Obviously, prior to that, I was mostly on the other side. They're implementing real world data warehouses, enterprise versions, managing data teams.
I had been in environments where I had pretty much every ETL tool that I can think of, and large teams, yet I had trouble delivering on time to the business.
And if I, you know, if you think about it, it's the same problem, right? The data transformation, that was always the problem. Business would ask simple questions that would take forever for us to answer because, you know, we have bought 510 companies in a matter of one year. Each one have their data warehouse, and the CEO is asking a question that would require us to integrate all of the data, and that takes a long time. So all the pain points that I have experienced in the past, you know, we are able to put that into this product.
[00:04:45] Speaker A: Yeah, I think that's kind of the way I felt when I ran across Snowflake back in 2015. It's like all the problems I'd seen in trying to build scalable data warehouses over a couple of decades, it's like, okay, Snowflake was really solving it. And like dataops Live, which is built exclusively for Snowflake, you guys chose to just build a product for Snowflake as well.
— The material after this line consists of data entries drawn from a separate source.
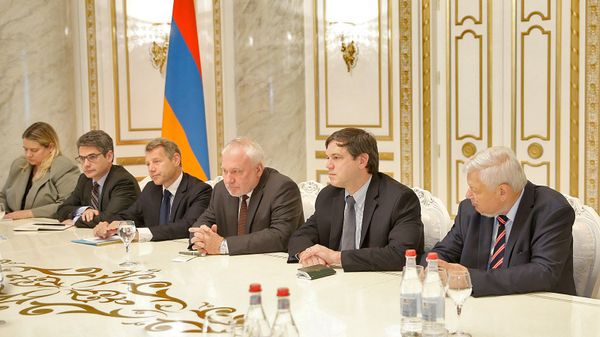 Премьер-министр Армении Никол Пашинян принял сопредседателей Минской группы ОБСЕ (13 июня 2018). Еревaн - Sputnik Армения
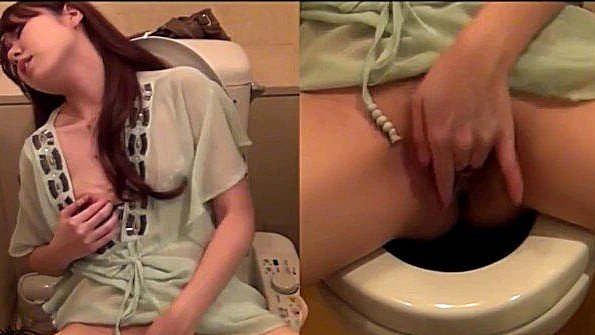 Японка писает и мастурбирует на унитазе грязно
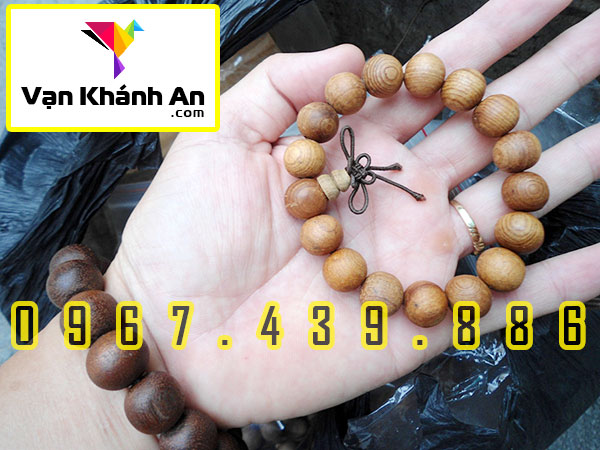 Vòng đeo tay gỗ Ngọc Am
What was your reasoning behind that?
[00:05:13] Speaker B: Yeah, that's an easy one. So when you think of what companies have been the most successful in the analytics industry, there is typically a unifying theme around the product philosophy. And when I say that, I mean there is levels of ease of use, but extensibility. There is levels of automation, and then typically speaking, there's some architectural advantage. But those core themes, those core pillars around automation, ease of use and making what was complex a lot more simple, but still extensible, are what has been the most successful. So think like tableau on one end, think Snowflake on the database side. Fivetrans certainly has these same characteristics on the ingestion side, and so that audience of users typically wants a best of breed solution. And we wanted to build a product that embodied all those same characteristics for an area of the workflow, the area of the analytics workflow that has historically had none of that. And so we laser focused in on the snowflake ecosystem, knowing that the users within that ecosystem appreciate something that's simple but extensible, something that's automated to help accelerate efficiencies, and really just focused on how do we make people as productive as possible when working with our platform. The same way that you see with the Snowflake platform.
[00:06:44] Speaker A: Great. Yeah. So you guys have partnered with my buddies here at Dataops Live. Tell me a little bit about how that partnership came about and what you think the potential value is to your, to your customers.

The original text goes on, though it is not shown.